Two Chinese bureaucrats have failed to return from official trips to Paris and authorities are investigating their claims of health problems and other reasons, state media reports and officials said yesterday.
Government officials are required to immediately go back to China after overseas trips and it was unclear if the two had overstayed their visas. Their failure to return raised speculation they might be trying to avoid trouble at home, the reports said.
Yang Xianghong (楊湘洪), a 52-year-old district Communist Party chief in the southeastern coastal city of Wenzhou, left the group he was traveling with to visit his daughter, who lives in France, the state-run magazine Oriental Outlook said. Later he said he would stay on because of illness, it said.
An official in Yang’s Lucheng district in Wenzhou yesterday said that a mission was sent to France to urge Yang to return home immediately.
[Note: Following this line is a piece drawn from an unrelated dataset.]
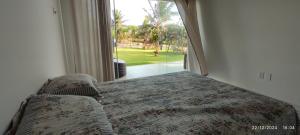 ein Schlafzimmer mit einem Bett und einem großen Fenster in der Unterkunft Mansão Ponta da Asa in Coruripe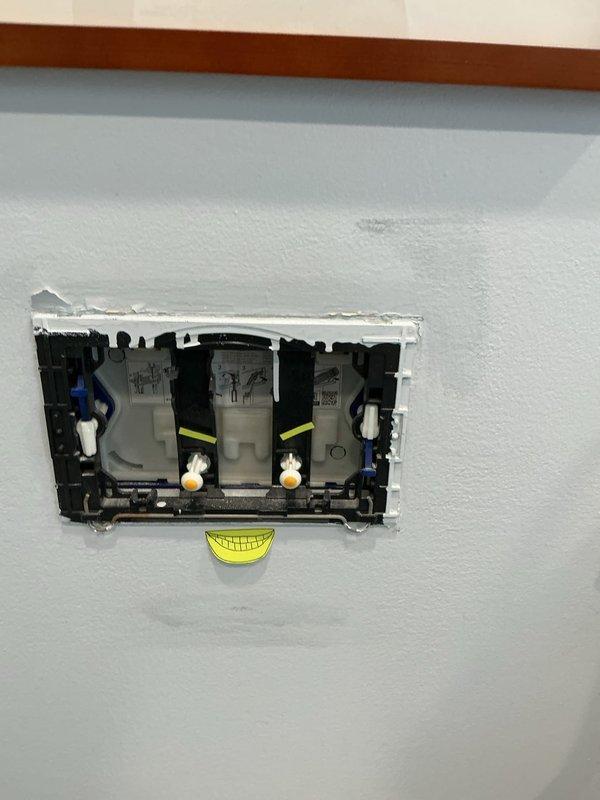 Serviced a Geberit in-wall toilet that was running continuously by removing the flush plate and accessing the concealed actuator mechanism. Inspected, adjusted, and reseated the actuator plungers and linkage to restore proper flush valve seating and stop the constant water flow. Reinstalled the flush plate and verified correct operation through multiple flush cycles, with no further running.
Like many media-shy officials, the Wenzhou official refused to give his name.
An official in Shanghai’s Luwan district, who only gave his surname, Li, confirmed that the district’s deputy governor, Xin Weiming (忻偉明), had likewise failed to return from a trip to Paris earlier this month.
“There is an investigation under way,” Li said. “We have been trying to get in touch with Xin, but have been unable to reach him. He hasn’t returned to China.”
Both Yang and Xin told fellow members of their delegations that they were unwell and were staying in France for medical treatment, said the reports, which did not detail the official trips’ missions.
Last year, more than 800 officials facing corruption charges fled overseas. Of that number, 500 remain at large, the newspaper China Daily reported.